The financial merits and technical benefits of cloud computing and corresponding software-as-a-service (SaaS) delivery models have been clearly demonstrated across all major industries such as banking, healthcare and a variety of federal and state government agencies.
It is my belief that the lack of cloud adoption by utilities is primarily due of two major issues: perceived security risks and financial accounting.
Security will always be at the top of a utility’s priority list. Over the last decade many potential purchases of cloud based utility solutions have been derailed with a Director of IT expressing dismay about where an application with sensitive data is hosted.
I get it – security is of the utmost importance for utilities.

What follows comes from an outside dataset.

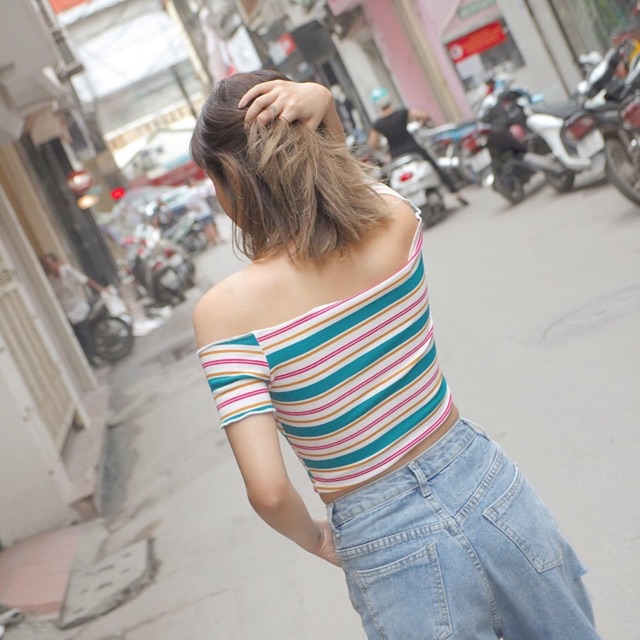 PASS/Thanh lý Áo trễ vai kẻ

But does this reluctance to trust the cloud really make sense anymore? Most of us rely on cloud solutions every day to handle our most confidential and sensitive information whether it be banking information, health records or family pictures.
So why not utilities?
Fortunately, the climate is changing. Courageous and forward thinking utility managers are now starting to acknowledge that Cloud providers are much better positioned to meet the industry’s exacting security requirements. A recent IDC study reported that over 75% of utilities now believe that cloud providers can provide better security than their own IT staff.
It makes perfect sense when you think about it. The entire business of cloud providers is dependent on providing a secure environment for their customers and their sensitive information.
Financial Accounting – Op-Ex Vs. Cap-Ex
Unfortunately, there is a fundamental disincentive for utilities when it comes to cloud computing. Current Utility regulation does not allow utilities to rate-base operational expenses such as cloud computing costs. As a result, Capital Expenditures on IT infrastructure are viewed as a “good” because they provide for a regulated rate of return. Correspondingly, Operational Expenditures on cloud services are viewed as “bad”. It goes without saying that this approach is short-sighted.
Fortunately, it appears that changes are on the way.
A few months ago, the National Association of Regulatory Utility Commissioners (NARUC) adopted a resolution encouraging state regulators to consider allowing cloud computing costs to be paid out of a utility’s capital budget. Now this is a step in the right direction.
It is clear to me that the savings and operational efficiencies resulting from replacing archaic and costly legacy systems with cloud solutions is better for rate payers than any profits derived from a Cap-Ex based replacement.
Fortunately, utilities are realizing that they can no longer afford to ignore the cloud. A recent study by IDC Energy Insights survey reveals that 74% of utilities indicated that public cloud is their dominant, long-term platform strategy to meet IT needs.
This is encouraging as there are numerous tangible benefits for utilities to increase their investment in cloud solutions:
- Agility to adapt quickly to rapidly changing business requirements
- Scalability for increasing amounts of data and customer demands
- Improved reliability & performance with a predictable cost of ownership
- Continuous updates and disaster recovery strategies
Ultimately, the most important benefit will be allowing utilities to focus on their core business which is providing outstanding, affordable and reliable services to their customers.